Cela ne veut pas dire que la prise du pouvoir soit conçue comme un simple processus électoral. Le P.S.F. ne se cachait pas sur ce plan, expliquant :

« Pour réaliser son programme, le Parti Social Français réclame LE POUVOIR.

Comment le Parti Social Français entend-il prendre le pouvoir ?

Par les voies légales, en usant des droits civiques et politiques accordés par la Constitution à tous les citoyens.

Par la force, au cas où des partis de révolution chercheraient à employer la violence et à fouler aux pieds nos libertés pour imposer leur dictature. »

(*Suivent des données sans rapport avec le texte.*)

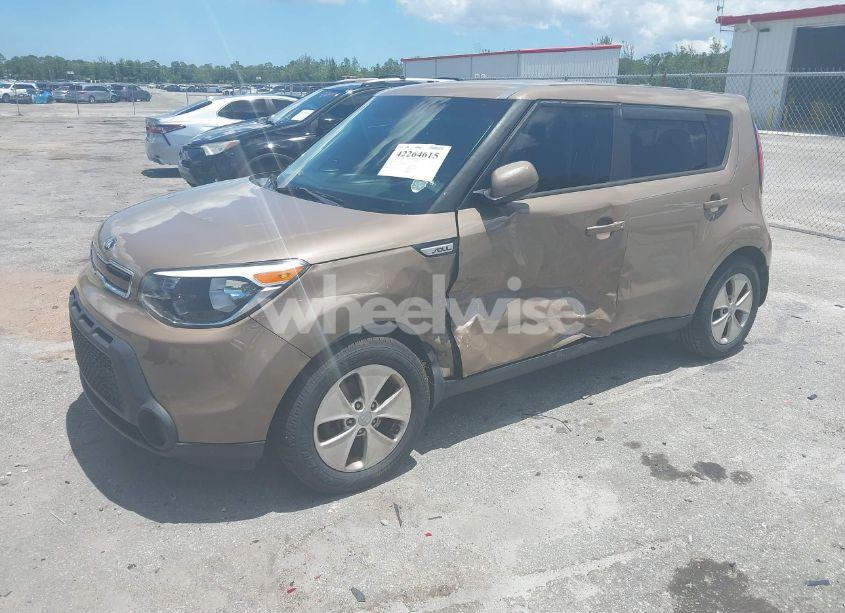 Photo 2 of 2015 Kia Soul (VIN KNDJN2A21F7130905)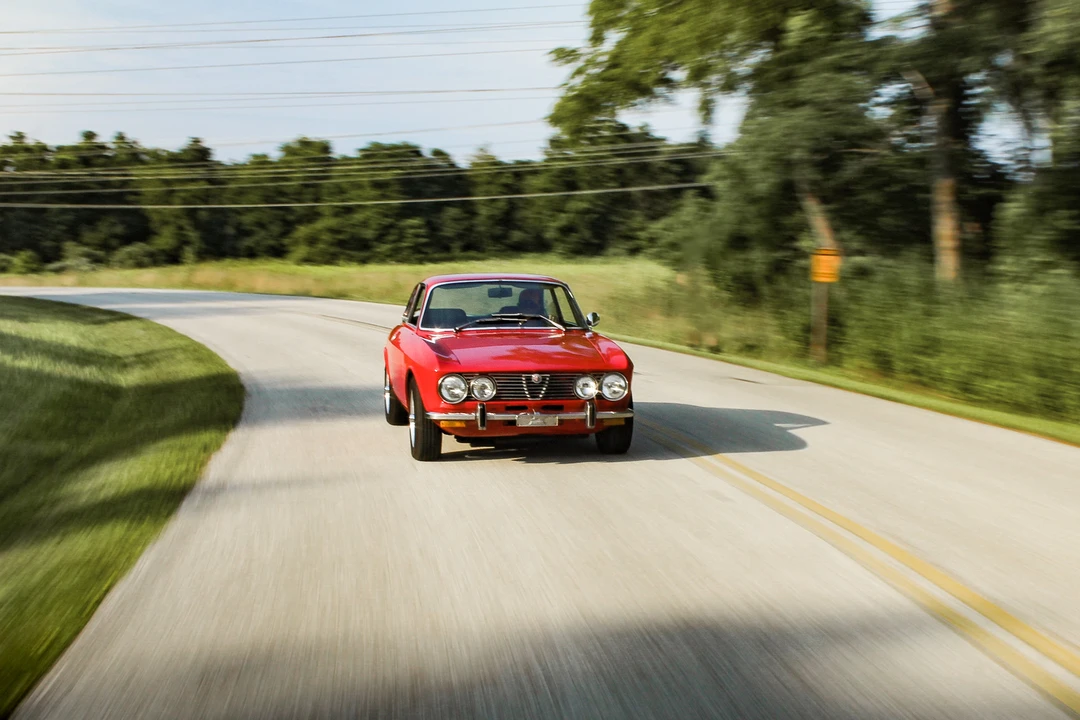 1974 Alfa Romeo 2000 GT Veloce - Image 28 of 31
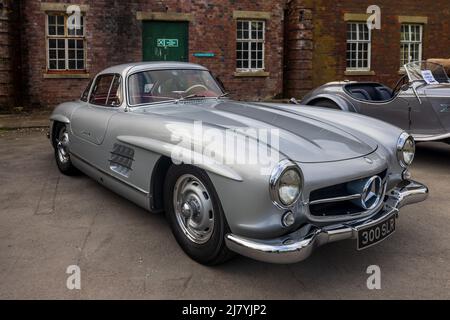 1957 Mercedes-Benz 300 SL (300 SLR) auf der April Scramble im Bicester Heritage Center am 23.. April 2022 zu sehen Stockfoto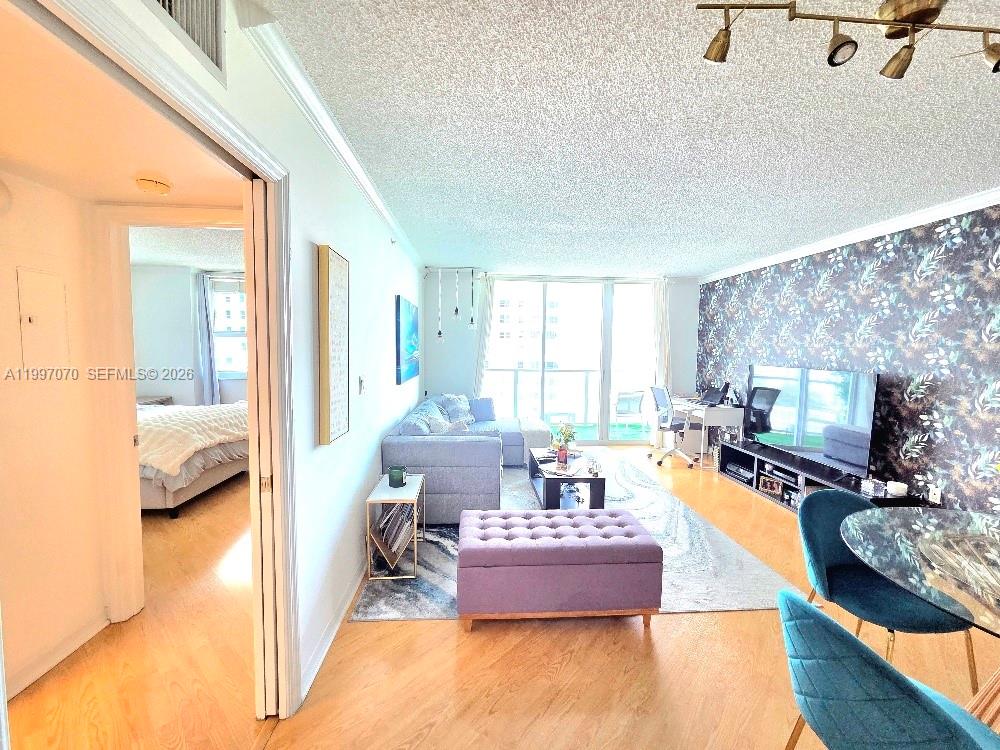 1155 Brickell Bay Dr #2006, Miami FL 33131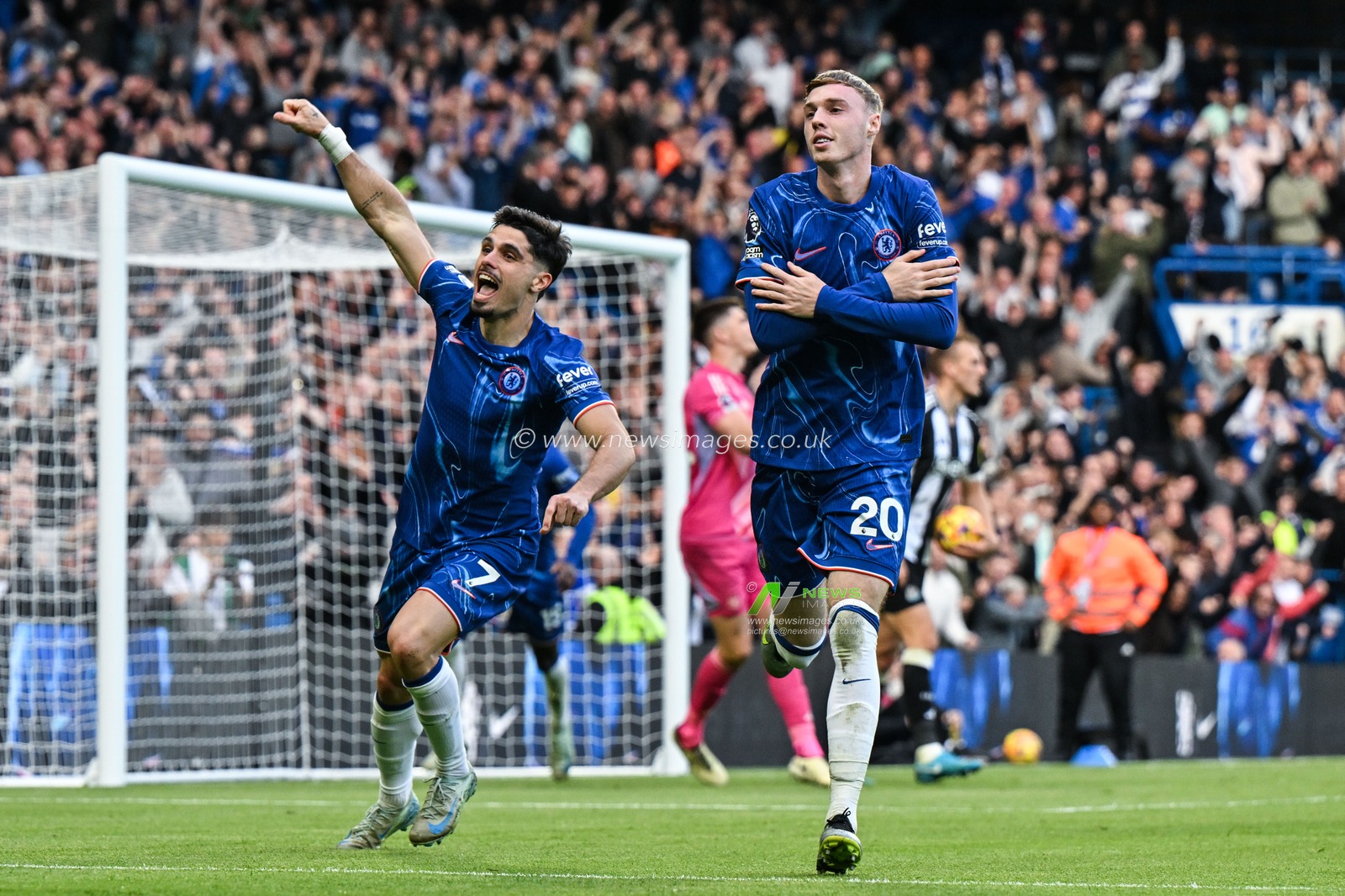 Cole Palmer of Chelsea celebrates his goal to make it 2-1 during the Premier League match Chelsea vs Newcastle United at Stamford Bridge, London, United Kingdom, 27th October 2024

(Photo by Cody Froggatt/News Images)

Le problème est que la défaite française a empêché une avancée dans cette démarche, masquant la nature du P.S.F. si on regarde les choses abstraitement. La dimension pragmatique de ce choix électoral n'apparaît pas, à moins de saisir la perspective de François de La Rocque.

En 1936, celui-ci justifiait ainsi son positionnement : au nom d'un « grand souffle purificateur », il fallait s'engager pour bouleverser la situation.

Il dit ainsi :

« Si l'intervention du Mouvement Croix de Feu dans la campagne électorale se bornait à y mettre un peu d’honnêteté, d'ordre et de conscience, quel changement ce serait déjà dans l’existence nationale ! »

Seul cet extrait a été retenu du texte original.